Goal of the exercise
Below are some entries. Output each one exactly as it appears.

=-=-=

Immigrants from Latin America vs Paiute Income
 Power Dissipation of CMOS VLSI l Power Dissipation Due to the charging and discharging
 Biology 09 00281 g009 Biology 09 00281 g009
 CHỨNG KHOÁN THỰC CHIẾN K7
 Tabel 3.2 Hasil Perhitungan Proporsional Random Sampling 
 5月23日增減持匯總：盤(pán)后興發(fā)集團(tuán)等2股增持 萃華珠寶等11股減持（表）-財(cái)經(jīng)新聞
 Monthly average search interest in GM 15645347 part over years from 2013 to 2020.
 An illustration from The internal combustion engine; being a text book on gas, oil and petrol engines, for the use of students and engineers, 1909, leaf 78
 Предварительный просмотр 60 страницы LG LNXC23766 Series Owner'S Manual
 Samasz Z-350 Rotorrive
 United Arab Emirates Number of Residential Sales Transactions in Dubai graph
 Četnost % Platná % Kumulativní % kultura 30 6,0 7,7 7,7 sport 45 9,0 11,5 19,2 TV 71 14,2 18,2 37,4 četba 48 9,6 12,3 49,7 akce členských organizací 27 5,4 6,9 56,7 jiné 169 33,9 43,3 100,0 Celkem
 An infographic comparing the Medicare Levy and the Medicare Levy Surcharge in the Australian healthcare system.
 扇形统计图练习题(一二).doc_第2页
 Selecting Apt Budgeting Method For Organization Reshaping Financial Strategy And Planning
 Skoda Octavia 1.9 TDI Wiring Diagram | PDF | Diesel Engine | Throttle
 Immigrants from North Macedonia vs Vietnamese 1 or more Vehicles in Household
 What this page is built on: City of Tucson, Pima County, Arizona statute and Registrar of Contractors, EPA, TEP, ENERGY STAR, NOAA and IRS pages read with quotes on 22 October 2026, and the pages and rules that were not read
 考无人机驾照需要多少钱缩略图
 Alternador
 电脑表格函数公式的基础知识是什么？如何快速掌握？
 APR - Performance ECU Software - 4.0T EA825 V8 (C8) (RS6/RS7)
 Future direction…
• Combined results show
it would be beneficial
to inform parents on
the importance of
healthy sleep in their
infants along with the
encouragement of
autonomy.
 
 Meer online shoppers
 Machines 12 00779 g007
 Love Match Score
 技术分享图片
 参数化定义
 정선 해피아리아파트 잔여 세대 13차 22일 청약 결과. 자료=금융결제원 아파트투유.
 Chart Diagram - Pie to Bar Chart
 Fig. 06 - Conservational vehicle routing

=-=-=

Exercise answer
Immigrants from Latin America vs Paiute Income
 Power Dissipation of CMOS VLSI l Power Dissipation Due to the charging and discharging
 Biology 09 00281 g009 Biology 09 00281 g009
 CHỨNG KHOÁN THỰC CHIẾN K7
 Tabel 3.2 Hasil Perhitungan Proporsional Random Sampling 
 5月23日增減持匯總：盤(pán)后興發(fā)集團(tuán)等2股增持 萃華珠寶等11股減持（表）-財(cái)經(jīng)新聞
 Monthly average search interest in GM 15645347 part over years from 2013 to 2020.
 An illustration from The internal combustion engine; being a text book on gas, oil and petrol engines, for the use of students and engineers, 1909, leaf 78
 Предварительный просмотр 60 страницы LG LNXC23766 Series Owner'S Manual
 Samasz Z-350 Rotorrive
 United Arab Emirates Number of Residential Sales Transactions in Dubai graph
 Četnost % Platná % Kumulativní % kultura 30 6,0 7,7 7,7 sport 45 9,0 11,5 19,2 TV 71 14,2 18,2 37,4 četba 48 9,6 12,3 49,7 akce členských organizací 27 5,4 6,9 56,7 jiné 169 33,9 43,3 100,0 Celkem
 An infographic comparing the Medicare Levy and the Medicare Levy Surcharge in the Australian healthcare system.
 扇形统计图练习题(一二).doc_第2页
 Selecting Apt Budgeting Method For Organization Reshaping Financial Strategy And Planning
 Skoda Octavia 1.9 TDI Wiring Diagram | PDF | Diesel Engine | Throttle
 Immigrants from North Macedonia vs Vietnamese 1 or more Vehicles in Household
 What this page is built on: City of Tucson, Pima County, Arizona statute and Registrar of Contractors, EPA, TEP, ENERGY STAR, NOAA and IRS pages read with quotes on 22 October 2026, and the pages and rules that were not read
 考无人机驾照需要多少钱缩略图
 Alternador
 电脑表格函数公式的基础知识是什么？如何快速掌握？
 APR - Performance ECU Software - 4.0T EA825 V8 (C8) (RS6/RS7)
 Future direction…
• Combined results show
it would be beneficial
to inform parents on
the importance of
healthy sleep in their
infants along with the
encouragement of
autonomy.
 
 Meer online shoppers
 Machines 12 00779 g007
 Love Match Score
 技术分享图片
 参数化定义
 정선 해피아리아파트 잔여 세대 13차 22일 청약 결과. 자료=금융결제원 아파트투유.
 Chart Diagram - Pie to Bar Chart
 Fig. 06 - Conservational vehicle routing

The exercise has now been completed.